Nicolas Vermandé sent me a really interesting question: “I've been looking for answers to a simple question that even different people at Cisco don't seem to agree on: Is it a good idea to class IP traffic (iSCSI or NFS over TCP) in pause no-drop class? What is the impact of having both pauses and TCP sliding windows at the same time?”
Let’s rephrase the question using the terminology Fred Baker used in his Bufferbloat Masterclass: does it make sense to use lossless transport for elephant flows or is it better to drop packets and let TCP cope with packet loss?
It’s definitely not bad to randomly drop an occasional TCP packet of a mouse session – if you have thousands of TCP sessions on the same link and drop a single packet of one or two sessions to slow them down, the overall throughput won’t be affected too much ... and if you randomly hit different sessions at different times, you’re pretty close to effective management of a mice aggregate.
Elephants are different because they are rare and important (see also Storage Networking is Different and Does Dedicated iSCSI Infrastructure Make Sense?) – dropping a single packet of an elephant iSCSI session could affect thousands of end-user sessions (because the overall disk throughput would go down), more so if you’re using iSCSI to access VMware VMFS volumes (where a single iSCSI session carries the data of all VMs running on the vSphere host).

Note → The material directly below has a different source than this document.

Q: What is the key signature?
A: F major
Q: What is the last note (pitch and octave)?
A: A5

Classifying iSCSI as lossless traffic class thus seems to make a lot of sense (but see below), and comparing the results of QoS policing (= dropping) versus shaping (= delaying) on a small number of TCP sessions supports the same conclusions.
After Almost a Decade
I never found an authoritative answer to this question, and if you ask a dozen experts you’ll get two dozen answers, in particular if you add the does that mean we need large buffers in data center switches question to the mix. In any case, you might find these resources helpful:
- J Metz published fantastic napkin dialogues diving deep into iSCSI details;
- I discussed the “should we delay or drop” question with Thomas Graf and Juho Snellman, and the conclusions were that drops are not bad assuming you have a decent TCP stack implementation;
- Google introduced a totally new TCP congestion control (BBR) in 2016
- JR Rivers addressed the question of data center buffering in an excellent (and free) Networks, Buffers and Drops webinar.
More information
Storage networks, iSCSI, FCoE and Data Center Bridging (including PFC) are described in the Data Center 3.0 for Networking Engineers webinar.
1) if your network is dedicated to iSCSI, then by all means use delay based congestion mechanisms and lossless notifications like ECN.

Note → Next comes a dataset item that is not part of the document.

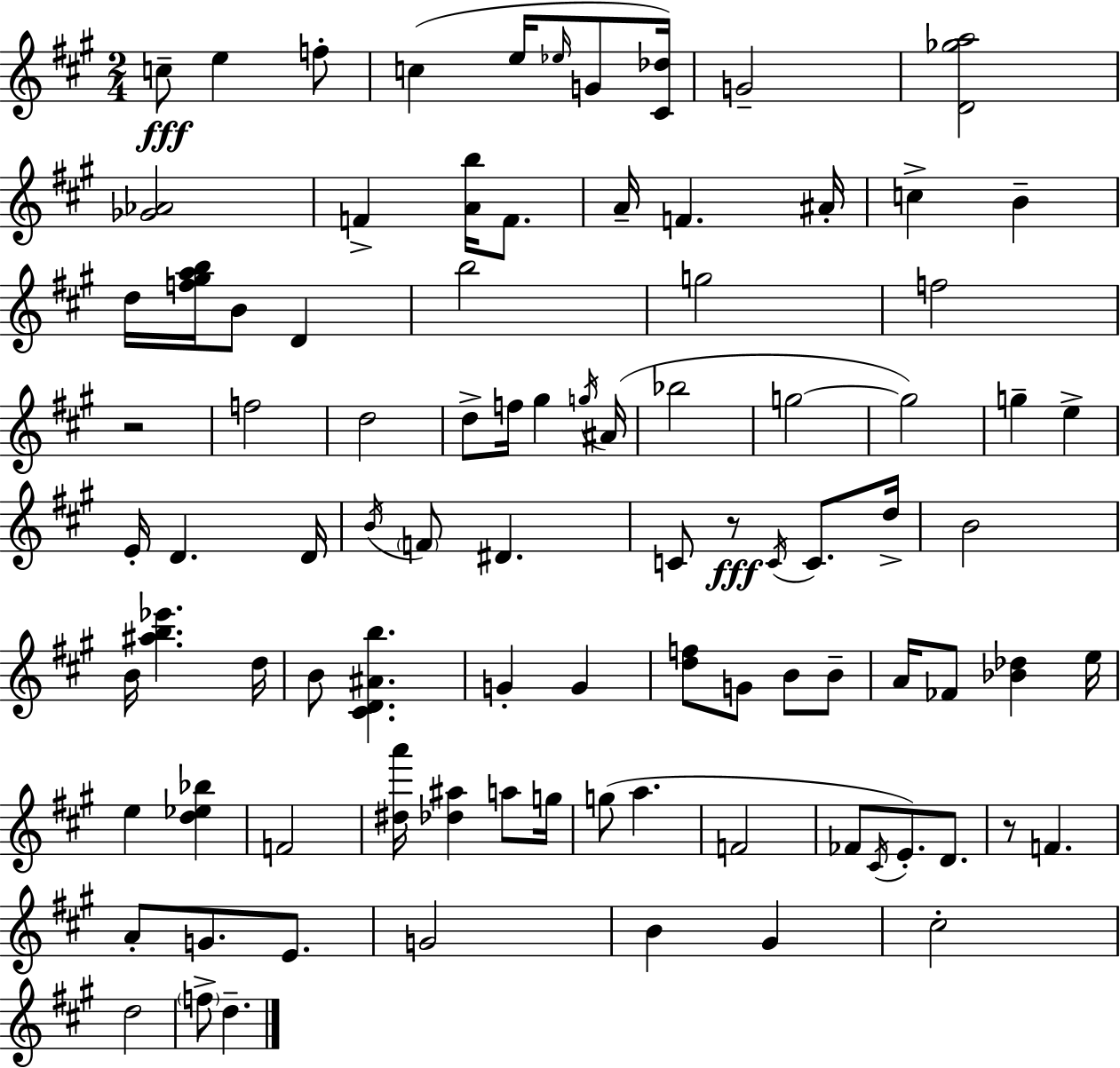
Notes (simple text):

2) if it isn't, you are in a world of hurt with competing with other forms of TCP.
3) I'd be very interested in a similar plot of an iSCSI network with fq_codel enabled, as well as a measurement of latency on your disk storage nodes under these loads with both the the lossless and fq_codel based approach. While throughput is important, high latencies cause other problems.
#2 - PFC + ETS giving iSCSI traffic guaranteed part of the bandwidth (ex: 3 Gbps on a 10 Gbps link) is pretty much equivalent to #1.
#3 - Me too ;)
I have had some discussions at Cisco Live London around this topic after attending the "Mastering Data Center QoS" session (https://www.ciscolive365.com/connect/sessionDetail.ww?SESSION_ID=6028).
Another factor that came into play was whether the switched network was just a single hop or multi-hop between the servers and the storage.
Enabling PFC on a multi-hop network could introduce head-of-line blocking on the inter-switch links. To stick with your analogy: If a single elephant is slowed down, then other elephants might be prevented from crossing the bridge between the switches.
In the end the recommendation that I got was not to enable PFC on multi-hop iSCSI networks, because the harm done by head-of-line-blocking could outweigh the benefit of using PFC. One of the participants in the discussion actually claimed he had seen a significant performance improvement after disabling flow-control on their iSCSI network. Unfortunately I haven't seen hard evidence of this theory.
I am interested to hear your opinion on this. Could the answer to this question be different for single-hop vs multi-hop DCB-enabled networks?
So far, all I've heard are theories. Hard facts would be nice, but I haven't found them yet.
Tweaks in recovery algorithms like proportional rate reduction for TCP (rfc6937) good have a big impact.
Also the test with 4 equal flows might not be as realistic as you might want them to be.